Ida blamed her heroine's weakness on love and personal ambition. Believing that women were ruled by their hearts rather than by their heads, she concluded that women's capacity to love made them liable to error:
"A woman in love," she argued, "is never a good politician...The sentiments, the opinions, the course of action of her lover, become personal matters with her. She is incapable of judging them objectively. She defends them with the instinctive passion of the animal, because they are hers. Intelligence has little or nothing to do with this defense. Even if she be a cool-headed woman with a large sense of humor and sees that her championship is illogical, she cannot give up."

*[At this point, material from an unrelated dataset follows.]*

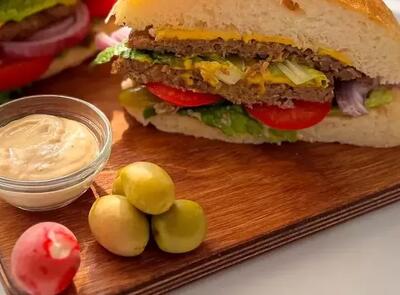  طرز تهیه ساندویچ همبرگر خانگی به سبک ساندویچی ها / اینجوری نرم و آبدار میمونه !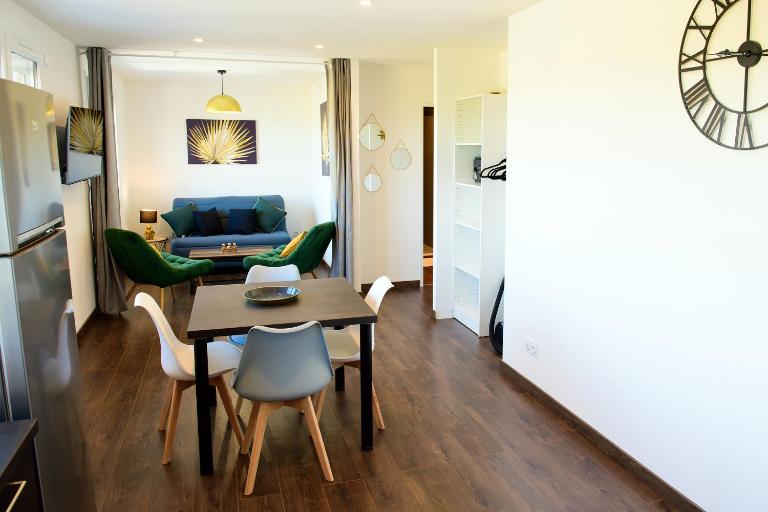 Le Forez Appartement 4 pers ou Studio 2 pers - Chambres d'hôtes Cuzieu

Like most 19th century Americans, Ida believed that a woman must choose between marriage and a career. But her study of Madame Roland led her a step further--that a woman must choose between love and a career. Is this an explanation of why she never permitted herself ever to love anyone completely?

During Ida's years in Paris, she grew close to many men but it was a closeness of friendship rather than romance. Her biographer Kathleen Brady said that Ida, a romantic, preferred the "idea of men" to the reality of them; she loved men in the abstract rather than in the specific. Careful to limit her emotional commitments--they might distract her from her work--Ida only cultivated friendships with married men much older than herself, or fostered mentor relationships with men too young to tempt her or challenge her authority. She avoided socializing with single men her own age, doubtless fearing emotional entanglement. She had made her choice. She once said: "I never met a man I would want always at my side night and day and I am sure I will not."